Durante todo o meu tempo vivido no Brasil nunca soube o que é respeito, democracia, liberdade, segurança. Ai de mim se não me defender dos Irmãos Metralha por conta própria. O sistema nunca garantiu nada ao povão. Até fico em desconforto quando reflito sobre isso. Nunca esperei respeito de ninguém. Aprendi, com a vida, a me impor para ser preservado minimamente. Antony Garotinho deflagrou algo que há muito já deveria estar acontecendo em nosso país (não gosto da expressão neste país tão ao gosto da esquerda mordente). Por tradição, na maioria das nações, a justiça não socorre aos que dela mais precisam. Digo isso, mas tenho que dizê-lo à boca pequena. Porque sempre vai haver alguém de plantão para me puxar a orelha e ensinar que o poder judiciário não é pirulito para andar rolando na boca de desocupado. É essa ou não é essa a dura realidade? Justiça meritória é mera retórica. Lembram quando a justiça era a sentença do monarca absolutista? Pois então, aquilo era também justiça. Rui ensinava: “quem está com o direito não teme a justiça”. Bonita adaga de duplo corte, pois há direitos inegociáveis no transcurso da vida de todos nós, pretos, brancos, doentes, fetos, velhos, amarelos, homossexuais, mulheres, transplantados e empregados. Estou falando de igualdade, dignidade, educação, vida, terra, moradia, trabalho, comida, privacidade, respeito, saúde, religiosidade e liberdade. Um maluco tinha que o fazer, e o fez para ficar na história. Ademais, o que fez foi com base no já vitorioso sistema de avaliação do ENEN, que é da autoria de toda a sociedade.
Aqueles que desaprovam a medida do governador fluminense puxam a brasa para a sua sardinha, dizendo ser um decreto injusto porque desrespeita o mérito intelectual. Há que se concordar com isso, mas não se pode esquecer o mérito braçal desses irmãos e seus ancestrais que foram jogados na vala da estrada vivendo sabe-se lá como. Eram crianças e idosos no meio da boiada fedorenta e indesejável.

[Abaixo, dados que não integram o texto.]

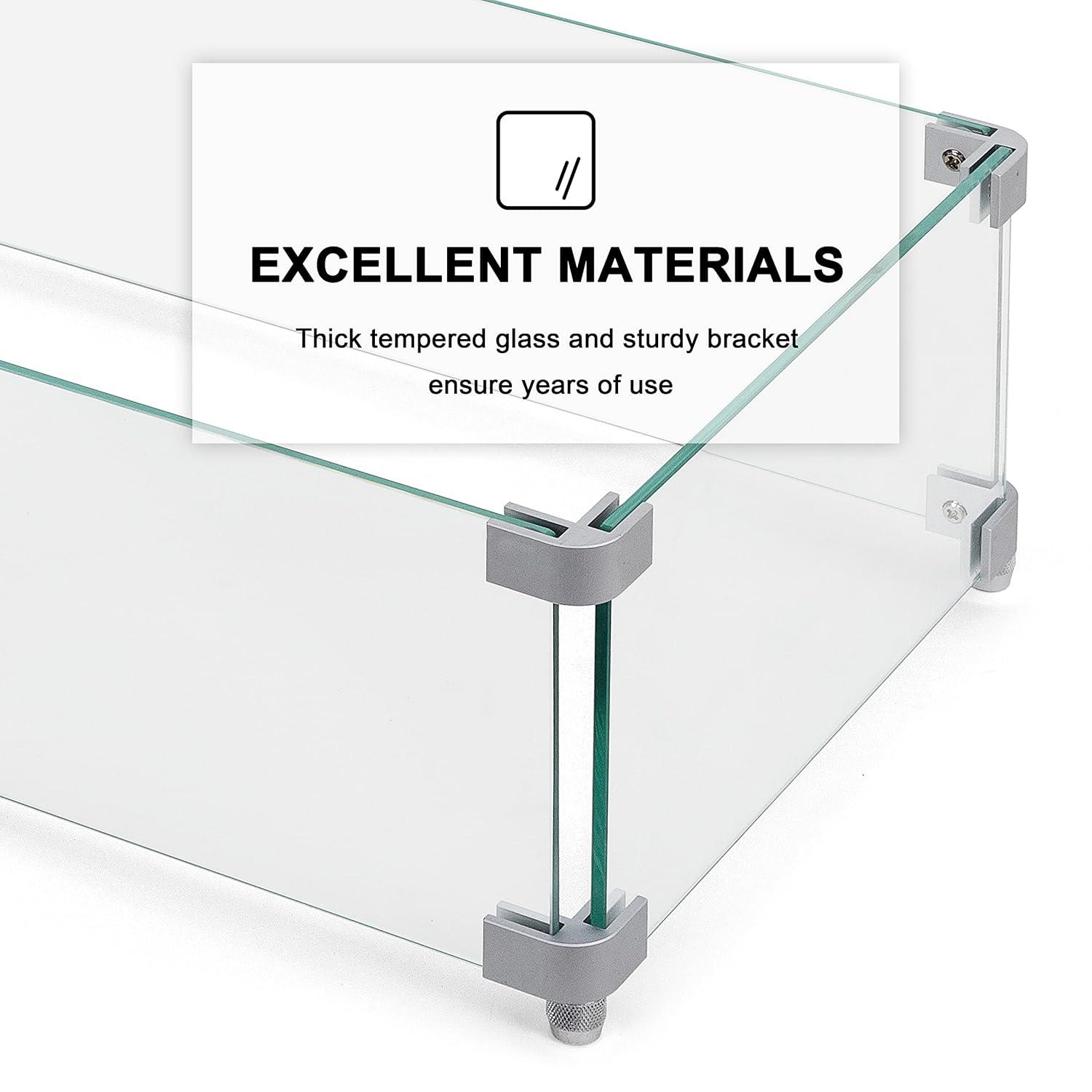 NUU GARDEN Glass Wind Guard For Fire Pit Table, Tempered Glass Heat Resistance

Ora que absurdo, esse de levarmos para o esquecimento o que passaram essas pessoas. As cicatrizes do chicote, das algemas, do ferro em brasa e do tronco eles ainda as ostentam com paciência, mansidão e piedade religiosa. Mas quanto disso já está gravado nas espirais de aminoácidos dos atuais negros da nossa geração? Não pretendo aqui incensar o negro e tampouco fazer apologia do mea culpa. Como também não desejo abordar a situação de outras minorias. Não sejamos hipócritas. As outras minorias não viveram o horror da escravidão. Onde andam os negros do Brasil? No oficialato das forças armadas? Não. No clero? Não. Ensinando nas Universidades? Não. Comandando corporações produtivas? Não. No comando de aeronaves charmosas? Não. Essas são carreiras da elite bmv (branco, macho e vip). Se nem nossas mulheres brancas estão lá, imaginem as negras? O negro ou ainda está nos campos escravizado sutilmente ou está nas cidades cheirando, fumando, bebendo e fazendo o que sobrou prá ele fazer. Atualmente o branco não fuma, não bebe, não cheira, não come gordura e faz plástica estética. No meio desse luxo todo, claro, vai faltar a grana mínima para alguém. Mudemos nossa postura sim, dividamos o saber com eles sim, devolvamos a eles o mínimo de dignidade sim. Eles somos nós e nós somos eles. Ou não? Claro que somos. De branca e ibérica descendência sou também um moreno, no dizer de FHC. Se não na pele, mas certamente na alma.
Fui criado no meio de negros e disso me orgulho, pois, como nós brancos, aquele era o meu povo. Melhor ainda, quando me dei conta me vi ilhado no meio dos brancos. Negro não é macaco. Negro não é bicho. Nunca consegui entender o racismo por inteiro. A não ser como um absurdo. O negro não é algo que signifique algo. Não é um símbolo. O negro é e pronto. O racismo é que é um símbolo que significa ódio e medo. E o ódio e o medo emprestam seus nomes a muitos fracassos do espírito.